Une réouverture prévue en février 2021 avec ce qui s’annonce comme l’une des grandes nouveautés : Images en jeu, un festival dédié à la création émergente amené à se répéter mais dans une périodicité non programmée à l’avance « pour éviter les contraintes. Il se déroulera de manière suffisamment fréquente pour qu’il soit identifié “Jeu de Paume” ». Et, serait-on tenté de rajouter, cette nouvelle manifestation pourrait à terme contribuer à remodeler l’identité de l’institution. Cet événement signe la fin de Satellite, programmation confiée à de jeunes commissaires d’exposition et dédiée à l’émergence, mais qui courait de saison en saison. La première édition d'Images en jeu sera sous la direction de la commissaire d’exposition indépendante Béatrice Gross, « une formule qui pourrait devenir une règle ».
De nouveaux rendez-vous
Dans quelles mesures les plus de six ans passés à la tête du département photographie du MoMA de New York influencent-ils sa façon de diriger le Jeu de Paume ? Quentin Bajac n’en est peut-être pas transformé mais changé, assurément, par l’énergie new-yorkaise, notamment, et l’attention très forte portée au contemporain, « plus que chez nous, ce qui va jusqu’à oubli du passé, c'est dommageable ». Fort de cette expérience, il se dit plus attentif au présent qu’auparavant sans pour autant renier le passé. Et cela fait partie des missions du Jeu de Paume que de montrer des fonds historiques, notamment ceux de la Médiathèque de l’architecture et du patrimoine (MAP), comme c’est souvent le cas au Château de Tours avec lequel le Jeu de Paume est partenaire. Il rappelle aussi que quatre des plus grands succès du Jeu de Paume sont des « historiques » : Dorothea Lange, Garry Winogrand, Richard Avedon et Diane Arbus. Pourquoi changer une formule gagnante ?
Des États-Unis, Quentin Bajac a également « rapporté » l’exposition Peter Hujar qui s’est achevée en janvier, une belle redécouverte. Et, en 2021, on verra un large pan de la collection de Thomas Walther, achetée par le MoMA en 2001. Autre nouveauté constitutive de son expérience américaine, la mise en place d’un nouveau rendez-vous régulier dès l’année prochaine : des « forums de l’image » dont l’objectif est de réunir un public large et varié de professionnels et d’amateurs.
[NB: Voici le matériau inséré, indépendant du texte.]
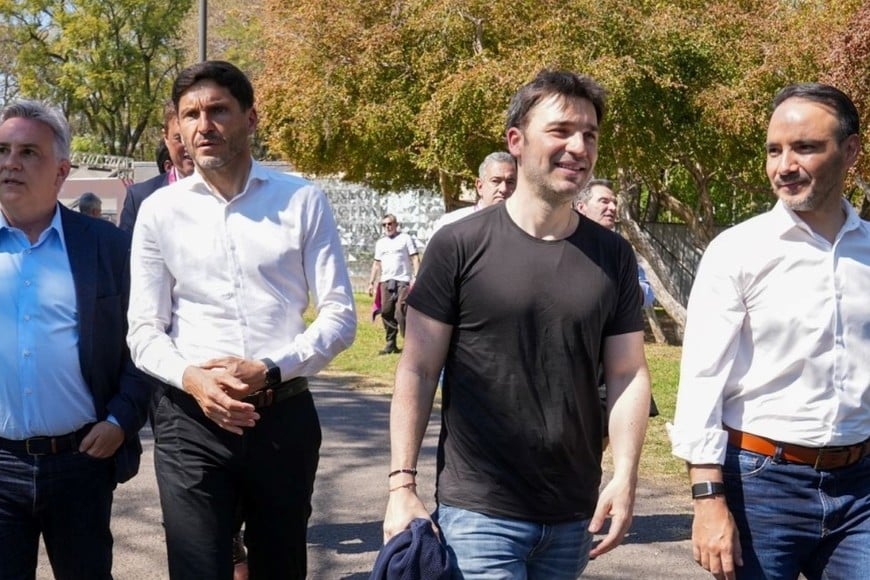 Pullaro recorrió junto a Llaryora, Valdés y Torres instalaciones deportivas y el predio del Fan Fest en Rosario. Crédito: Gobierno de Santa Fe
Objectif : échanger trois à cinq fois par an autour de thématiques afin de fédérer la communauté de l’image.
De manière générale, Quentin Bajac a pour ambition de faire plus d’expositions thématiques, qu’elles soient historiques ou contemporaines, « qui rendent compte des grands enjeux de l’image aujourd’hui ou des mouvements de la photo ». Ainsi on pourrait plus souvent voir l’intégralité de l’espace du Jeu de Paume occupé par des projets d’envergure. 2021 se déclinera donc en trois saisons, comme avant, mais à terme il pourrait y en avoir quatre : « Tous les projets n’ont pas besoin du même temps pour rencontrer leur public, la durée pourrait donc s’étaler de 10 à 15 ou 16 semaines. En tout cas, j’aimerais plus de changements de rythme », conclut-il. Avec environ 80 000 visiteurs pour chacune des trois saisons, Quentin Bajac se réjouit des bons résultats de l’année 2019 qu’il partage avec Marta Gili : « Ce qui est bien par rapport aux années précédentes et étant donné les circonstances. » Il espère faire au moins aussi bien à partir de 2021.